We interpret the observed congruence effect as a confirmation that the correspondence between auditory pitch and visually perceived vertical position not only modulates responses to very salient pitch changes, as has most often been investigated experimentally (I. H. Bernstein & Edelstein, 1971; Evans & Treisman, 2010; Lu, Ho, Sun, Johnson, & Thompson, 2016; Orchard-Mills, Van der Burg, & Alais, 2015; Patching & Quinlan, 2002) but is also relevant in the context of subtle pitch change detection. Our results show that in the case of subtle pitch changes, congruence is equally effective in modulating pitch discrimination performance irrespective of participants’ pitch discrimination and musical abilities in separate auditory-only tasks.

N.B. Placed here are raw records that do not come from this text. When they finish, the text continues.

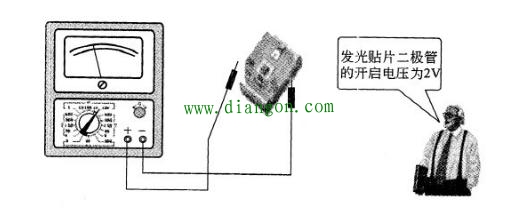贴片二极管的检测技巧图解 贴片二极管的检测技巧图解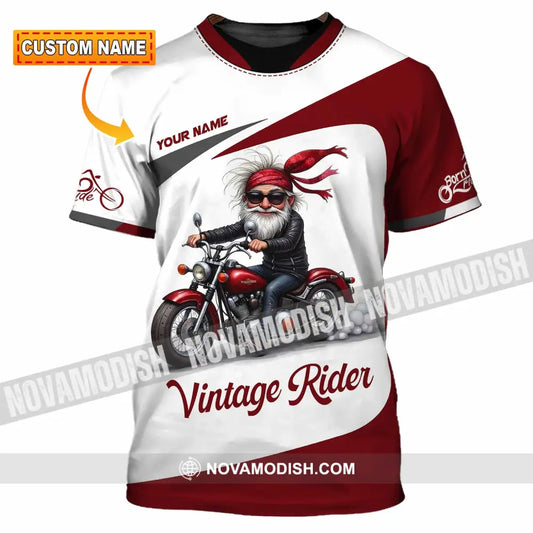 Unisex Shirt - Custom Vintage Rider Shirt - T-shirt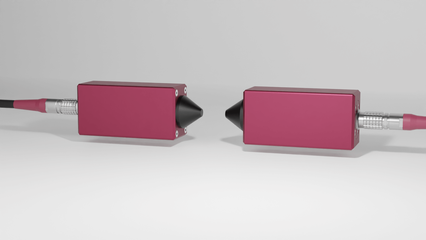 Visualization of two sensor s for inline measurement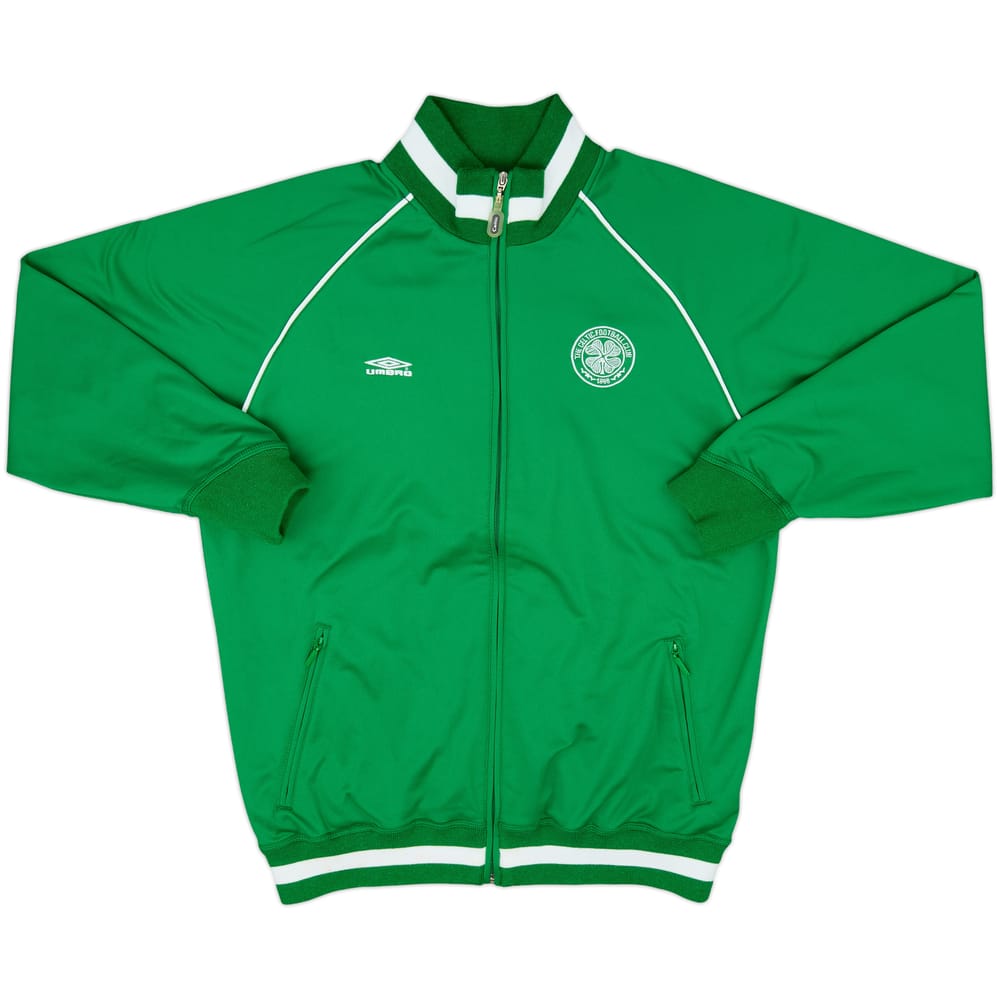 2000-01 Celtic Umbro Track Jacket - 8/10 - (M)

The finding that the congruence effect in the present study is unrelated to individual pitch discrimination thresholds and musical skills is noteworthy considering previous studies that demonstrate musicians’ increased sensitivity to pitch-height congruency (Eitan & Granot, 2006; Paraskevopoulos, Kraneburg, Herholz, Bamidis, & Pantev, 2015).

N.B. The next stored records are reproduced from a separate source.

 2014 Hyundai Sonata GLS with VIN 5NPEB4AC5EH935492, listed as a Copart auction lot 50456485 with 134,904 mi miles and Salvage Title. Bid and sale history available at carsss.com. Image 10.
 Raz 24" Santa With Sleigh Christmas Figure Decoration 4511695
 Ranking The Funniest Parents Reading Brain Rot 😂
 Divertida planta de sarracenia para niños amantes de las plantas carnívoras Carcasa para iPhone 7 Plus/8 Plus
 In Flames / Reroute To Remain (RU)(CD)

This discrepancy could be attributed to the relative contribution of semantic influences in the present and previous studies and may as such be seen as a valuable addition to the discussion regarding the underlying mechanisms and developmental trajectories of crossmodal correspondences (Parise, 2016). Whether and how preattentive, perceptual, semantic, and/or decisional mechanisms contribute to the perceptual consequences of crossmodal correspondences is still debated, and it is not unlikely that several stages of processing influence the crossmodal mapping in question here (Spence, 2011). Though a pitch-verticality mapping has been found in preverbal 3–4-month-old infants (Walker et al., 2010), postperceptual semantic influences undoubtedly play a role as well (Eitan & Timmers, 2010). Within the behavioral paradigm reported here, it is not possible to determine at which level of processing the congruence relations assert their influence. However, a number of steps were taken in an effort to specifically avoid enhancing semantic influences on participants’ responses. In contrast to previous studies (Paraskevopoulos et al., 2015; Paraskevopoulos, Kuchenbuch, Herholz, & Pantev, 2012), our participants were naïve to the purpose of the study (i.e., to our interest in investigating the putatively beneficial effect of relevant visual information on pitch change detection). This was achieved through the use of a task unrelated to audio-visual congruency and one which did not require focus on the direction of pitch changes. Furthermore, we referred to “changes in the tones” rather than “high/low tones” in all encounters with the participants before and during the experiment.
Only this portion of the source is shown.